Attention-based encoder-decoder model for neural machine translation
This package is based on the dl4mt-tutorial by Kyunghyun Cho et al. ( https://github.com/nyu-dl/dl4mt-tutorial ). It was used to produce top-scoring systems at the WMT 16 shared translation task.
The changes to Nematus include:
- arbitrary input features (factored neural machine translation) http://www.statmt.org/wmt16/pdf/W16-2209.pdf
- ensemble decoding (and new translation API to support it)
- dropout on all layers (Gal, 2015) http://arxiv.org/abs/1512.05287
- automatic training set reshuffling between epochs
- n-best output for decoder
- more output options (attention weights; word-level probabilities) and visualization scripts
- performance improvements to decoder
- rescoring support
- execute arbitrary validation scripts (for BLEU early stopping)
- vocabulary files and model parameters are stored in JSON format (backward-compatible loading)
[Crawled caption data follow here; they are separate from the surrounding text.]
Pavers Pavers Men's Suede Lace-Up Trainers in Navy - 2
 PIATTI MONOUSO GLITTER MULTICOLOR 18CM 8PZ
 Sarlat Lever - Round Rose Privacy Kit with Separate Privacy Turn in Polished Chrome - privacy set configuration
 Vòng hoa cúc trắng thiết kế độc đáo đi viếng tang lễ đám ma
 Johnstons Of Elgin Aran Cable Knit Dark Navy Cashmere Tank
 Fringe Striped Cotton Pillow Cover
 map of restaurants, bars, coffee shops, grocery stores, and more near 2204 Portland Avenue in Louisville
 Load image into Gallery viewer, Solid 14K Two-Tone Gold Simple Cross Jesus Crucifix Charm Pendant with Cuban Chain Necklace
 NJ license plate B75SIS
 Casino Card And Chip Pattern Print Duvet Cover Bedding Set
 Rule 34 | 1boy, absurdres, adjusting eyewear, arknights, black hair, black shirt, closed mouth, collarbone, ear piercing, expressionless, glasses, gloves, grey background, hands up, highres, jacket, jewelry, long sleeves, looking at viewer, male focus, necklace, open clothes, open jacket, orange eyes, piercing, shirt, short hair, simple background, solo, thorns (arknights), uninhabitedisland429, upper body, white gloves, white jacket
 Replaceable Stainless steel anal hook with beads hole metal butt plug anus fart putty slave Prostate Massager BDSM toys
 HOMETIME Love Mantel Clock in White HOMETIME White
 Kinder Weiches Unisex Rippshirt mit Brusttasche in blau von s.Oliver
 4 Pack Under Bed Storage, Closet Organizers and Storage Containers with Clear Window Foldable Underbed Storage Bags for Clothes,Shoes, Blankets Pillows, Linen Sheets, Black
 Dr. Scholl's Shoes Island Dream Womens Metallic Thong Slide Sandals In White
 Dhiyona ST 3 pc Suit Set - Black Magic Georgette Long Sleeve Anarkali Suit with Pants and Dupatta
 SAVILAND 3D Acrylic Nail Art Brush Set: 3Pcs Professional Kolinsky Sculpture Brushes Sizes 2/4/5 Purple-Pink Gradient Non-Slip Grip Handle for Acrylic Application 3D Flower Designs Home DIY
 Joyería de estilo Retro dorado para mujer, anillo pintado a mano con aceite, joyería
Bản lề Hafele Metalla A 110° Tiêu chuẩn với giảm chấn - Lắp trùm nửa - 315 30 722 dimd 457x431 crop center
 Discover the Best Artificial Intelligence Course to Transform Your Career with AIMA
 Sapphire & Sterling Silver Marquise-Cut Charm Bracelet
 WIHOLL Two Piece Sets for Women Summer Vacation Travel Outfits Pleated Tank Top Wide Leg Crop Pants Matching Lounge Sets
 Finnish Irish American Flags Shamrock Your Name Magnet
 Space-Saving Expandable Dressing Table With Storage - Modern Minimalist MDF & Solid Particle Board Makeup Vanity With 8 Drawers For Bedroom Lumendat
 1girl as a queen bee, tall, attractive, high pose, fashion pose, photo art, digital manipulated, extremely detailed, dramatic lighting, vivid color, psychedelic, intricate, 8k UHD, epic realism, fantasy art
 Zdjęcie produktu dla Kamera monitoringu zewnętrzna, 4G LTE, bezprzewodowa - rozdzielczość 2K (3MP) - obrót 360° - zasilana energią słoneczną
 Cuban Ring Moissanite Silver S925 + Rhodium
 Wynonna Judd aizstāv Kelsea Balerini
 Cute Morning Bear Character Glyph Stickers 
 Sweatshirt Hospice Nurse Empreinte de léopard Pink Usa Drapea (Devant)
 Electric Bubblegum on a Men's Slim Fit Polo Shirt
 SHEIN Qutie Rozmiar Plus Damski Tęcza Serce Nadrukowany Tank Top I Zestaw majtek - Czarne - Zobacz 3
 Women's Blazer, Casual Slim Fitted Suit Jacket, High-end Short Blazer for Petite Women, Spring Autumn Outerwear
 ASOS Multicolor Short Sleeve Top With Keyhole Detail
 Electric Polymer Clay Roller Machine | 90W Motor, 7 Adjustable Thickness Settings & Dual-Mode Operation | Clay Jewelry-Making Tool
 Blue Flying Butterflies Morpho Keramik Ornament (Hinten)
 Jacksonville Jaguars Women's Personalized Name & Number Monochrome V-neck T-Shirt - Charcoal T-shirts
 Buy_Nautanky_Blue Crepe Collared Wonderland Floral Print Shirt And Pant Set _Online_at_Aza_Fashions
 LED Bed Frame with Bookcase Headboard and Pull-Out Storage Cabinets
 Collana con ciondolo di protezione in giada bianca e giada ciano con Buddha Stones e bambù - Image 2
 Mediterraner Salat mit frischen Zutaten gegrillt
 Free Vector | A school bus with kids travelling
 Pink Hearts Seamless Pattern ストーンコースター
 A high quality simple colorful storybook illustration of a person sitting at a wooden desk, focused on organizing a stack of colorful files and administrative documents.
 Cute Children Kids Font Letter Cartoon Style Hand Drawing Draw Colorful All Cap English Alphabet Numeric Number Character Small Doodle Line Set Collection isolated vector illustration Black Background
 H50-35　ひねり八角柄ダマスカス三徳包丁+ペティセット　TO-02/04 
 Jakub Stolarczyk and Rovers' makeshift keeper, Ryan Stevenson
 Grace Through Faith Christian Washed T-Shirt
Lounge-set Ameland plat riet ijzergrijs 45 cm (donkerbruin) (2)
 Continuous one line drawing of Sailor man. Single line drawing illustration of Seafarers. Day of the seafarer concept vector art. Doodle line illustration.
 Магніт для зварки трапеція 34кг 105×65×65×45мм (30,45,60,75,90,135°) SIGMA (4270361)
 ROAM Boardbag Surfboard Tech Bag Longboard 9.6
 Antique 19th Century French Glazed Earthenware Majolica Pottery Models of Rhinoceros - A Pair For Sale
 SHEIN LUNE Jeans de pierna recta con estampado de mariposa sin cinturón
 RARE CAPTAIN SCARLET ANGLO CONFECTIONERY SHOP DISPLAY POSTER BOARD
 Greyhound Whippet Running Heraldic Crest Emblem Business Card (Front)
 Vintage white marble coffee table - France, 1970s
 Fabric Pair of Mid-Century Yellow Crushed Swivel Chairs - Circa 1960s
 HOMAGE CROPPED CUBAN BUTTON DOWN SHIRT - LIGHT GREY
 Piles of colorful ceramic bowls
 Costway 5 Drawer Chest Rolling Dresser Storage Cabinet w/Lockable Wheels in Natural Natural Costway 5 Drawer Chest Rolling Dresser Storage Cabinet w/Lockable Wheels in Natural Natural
Nematus requires the following packages:
- Python >= 2.7
- numpy
- ipdb
- Theano >= 0.7 (and its dependencies).
we recommend executing the following command in a Python virtual environment:
pip install numpy numexpr cython tables theano ipdb
the following packages are optional, but highly recommended
- CUDA >= 7 (only GPU training is sufficiently fast)
- cuDNN >= 3 (speeds up training substantially)
you can run Nematus locally. To install it, execute python setup.py install
You can also create docker image by running following command, where you change suffix
to either cpu
or gpu
:
docker build -t nematus-docker -f Dockerfile.suffix .
To run a CPU docker instance with the current working directory shared with the Docker container, execute:
docker run -v `pwd`:/playground -it nematus-docker
For GPU you need to have nvidia-docker installed and run:
nvidia-docker run -v `pwd`:/playground -it nematus-docker
instructions to train a model are provided in https://github.com/rsennrich/wmt16-scripts
sample models, and instructions on using them for translation, are provided at http://statmt.org/rsennrich/wmt16_systems/
the code is based on the following model:
Dzmitry Bahdanau, Kyunghyun Cho, Yoshua Bengio (2015): Neural Machine Translation by Jointly Learning to Align and Translate, Proceedings of the International Conference on Learning Representations (ICLR).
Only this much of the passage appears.